Frente às últimas oito crises financeiras internacionais nos últimos anos, o discurso do FMI sofreu uma nova mudança. Trata-se de reconhecer agora a inevitabilidade da liberalização dos fluxos financeiros e procurar diminuir os seus impactos negativos. Como afirma Stiglitiz, “há hoje uma consciência dos perigos dos fluxos de capital de curto prazo e da liberalização prematura do capital e do mercado financeiro, reconhecidas de tempos em tempos até mesmo pelos oficiais seniores do FMI”.

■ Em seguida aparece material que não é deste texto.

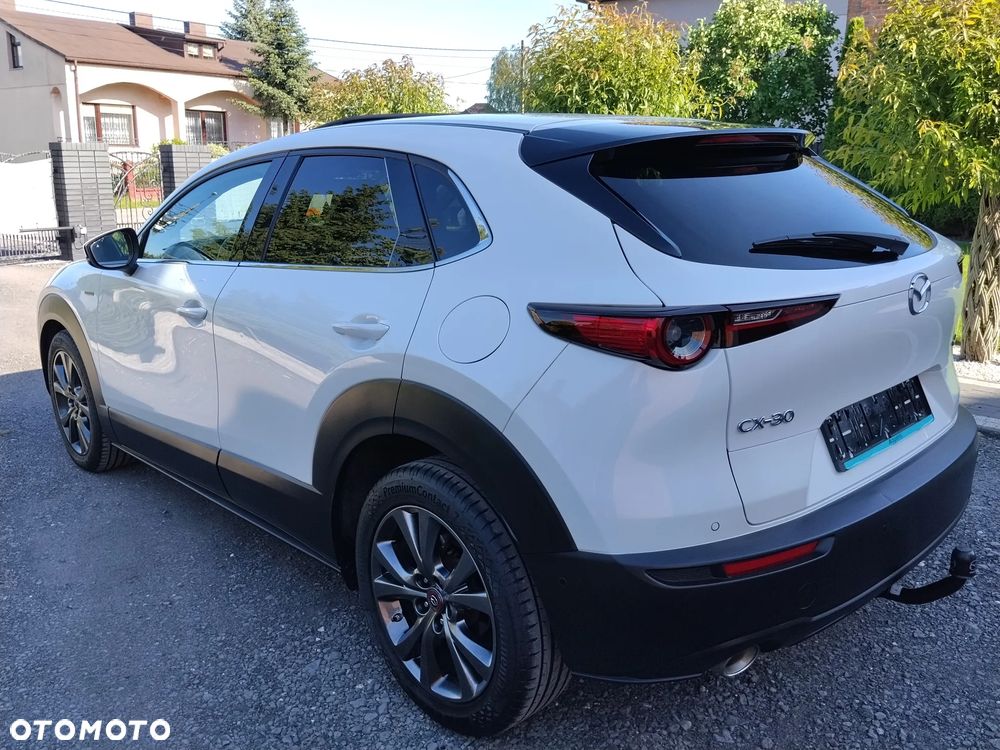 Mazda CX-30 SKYACTIV-X 2.0 M-Hybrid SELECTION - 4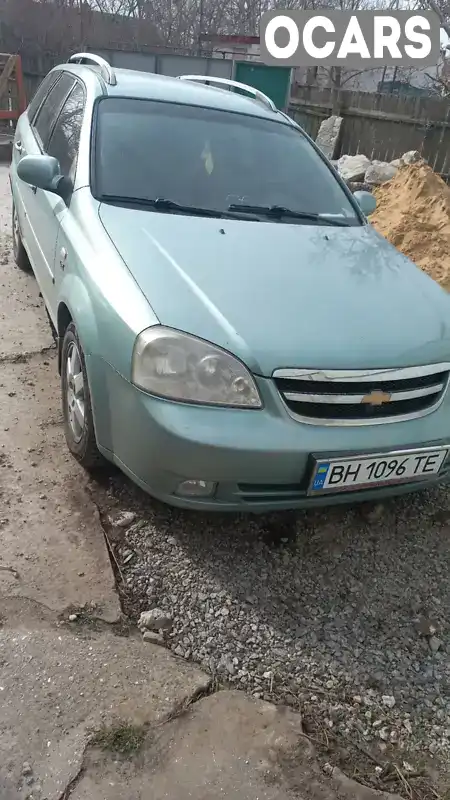 Универсал Chevrolet Lacetti 2005 1.8 л. Автомат обл. Одесская, Одесса - Фото 1/13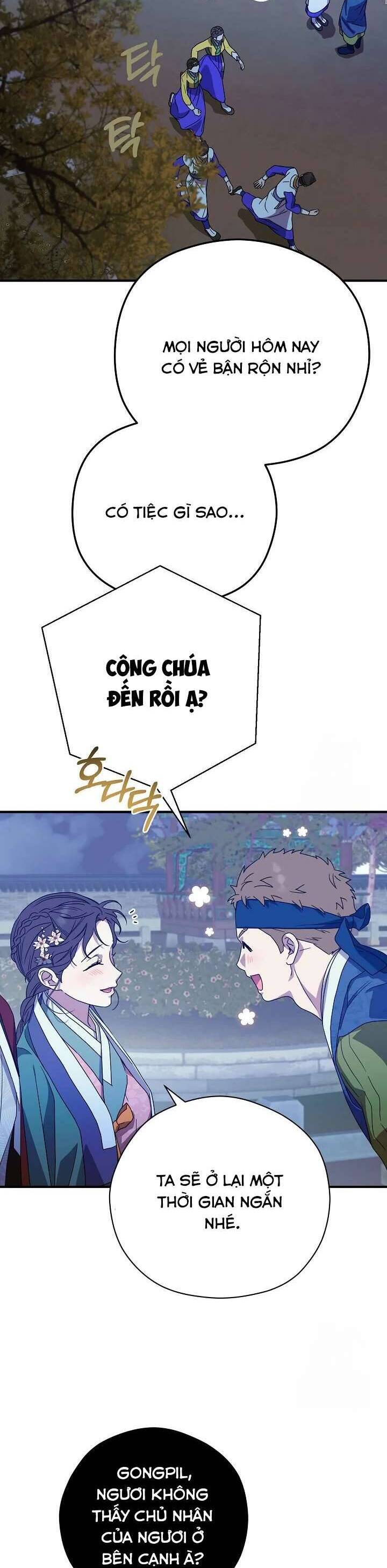 Ta Chỉ Muốn Ăn Em Chapter 20 - Trang 2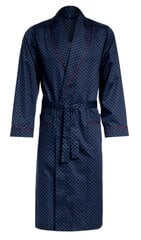 Chalatas vyrams Revise RE-504, mėlynas цена и информация | Мужские халаты, пижамы | pigu.lt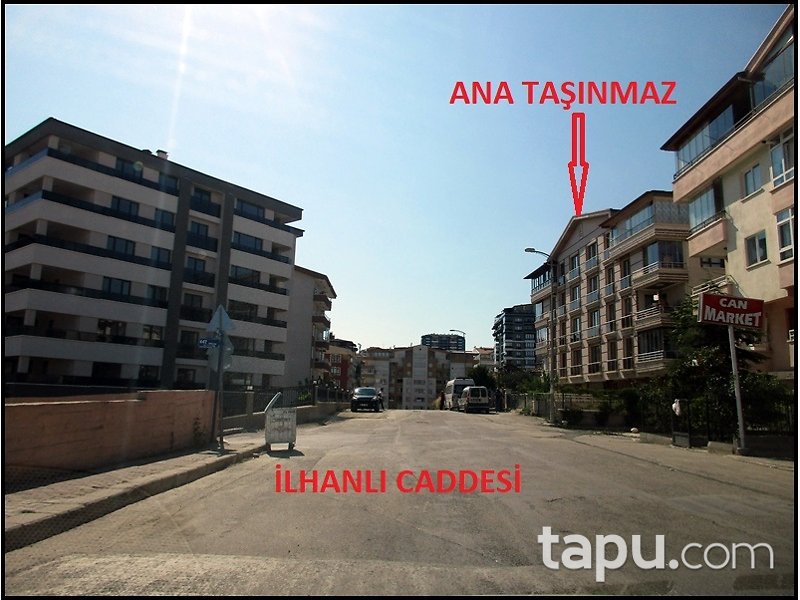 Ankara Mamak Kazım Orbay Mahallesi'nde 24 m2 Dükkan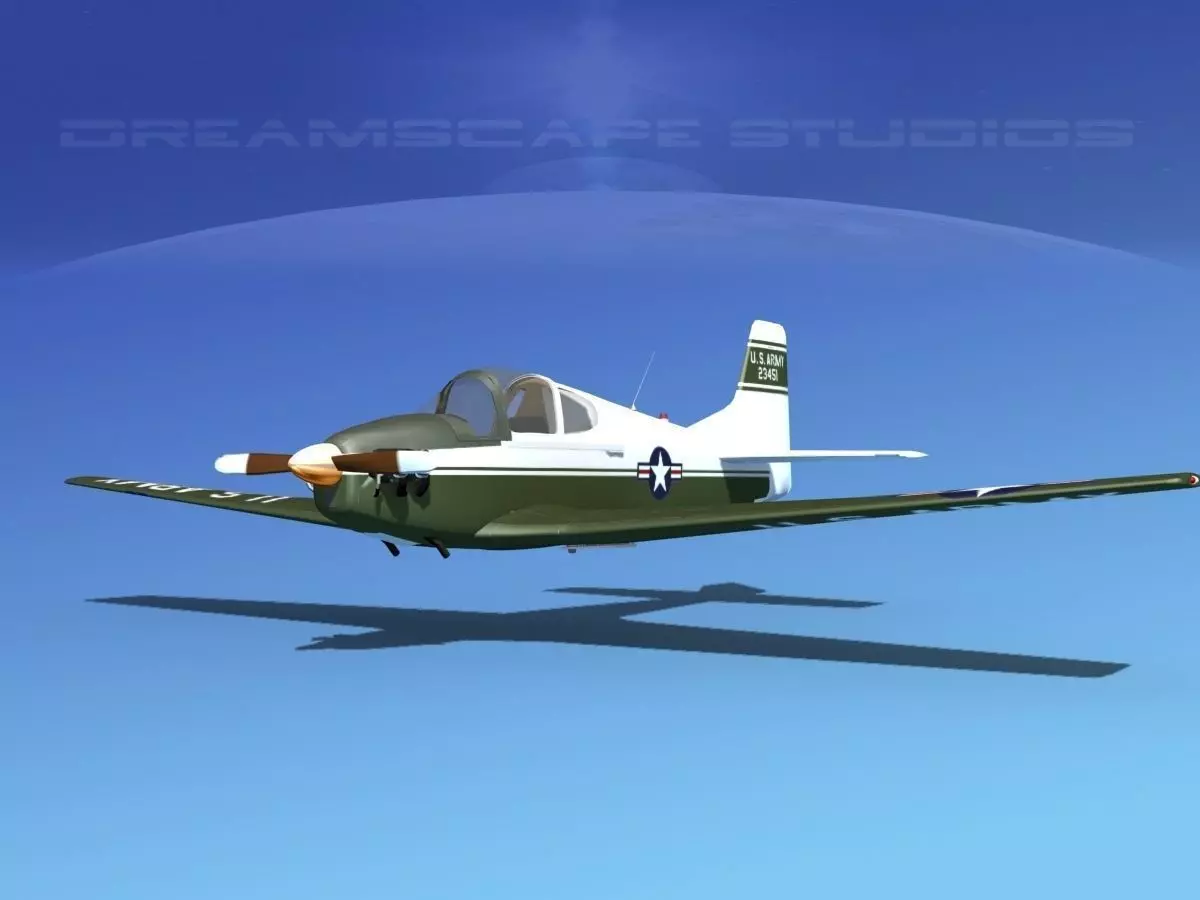 Johnston A-51A V07 3D model_0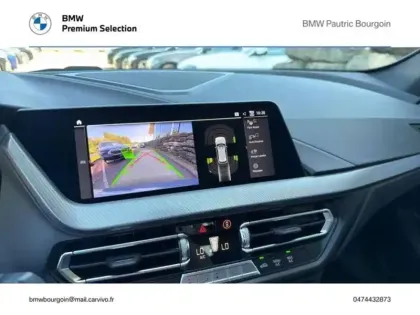 Photo 11 BMW Serie 1 Série 1 120dA xDrive 190ch M Sport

Em busca da legitimidade perdida
Um terceiro grande erro seria conceber o FMI como uma instituição coesa, respeitada em seus diagnósticos e profundamente legitimada no cenário internacional. O Secretário de Assuntos Internacionais do Ministério da Fazenda, Otaviano Canuto, lembrou recentemente em entrevista que “o Fundo é um ativo de credibilidade para a política econômica”. Será? 

A divulgação do Relatório do Independent Evaluation Office, ligado à gerência do FMI, de nome “FMI e crises recentes nas contas de capitais – Indonésia, Coréia, Brasil”, reconhecendo erros reiterados da entidade, é claramente uma tentativa de renovar a sua credibilidade após erros crassos em vários cantos do mundo onde a política do FMI teve influência. O relatório reconhece que o Fundo errou em relação à crise brasileira de 1998, ao não apontar as vulnerabilidades do Plano Real, como o alto nível de endividamento do setor público e ao não recomendar o abandono da política cambial, de super-valorização do Real, praticada pela dupla Malan/Franco. Aliás, crítica feita à época e generalizada entre os economistas brasileiros não neoliberais. Já uma análise recém divulgada pelo General Accounting Office, do Congresso norte-americano, afirma que o FMI antecipou apenas 15 das 134 recessões ocorridas em 87 países em desenvolvimento no período que vai de 1991 a 2001, o que representa 11% do total.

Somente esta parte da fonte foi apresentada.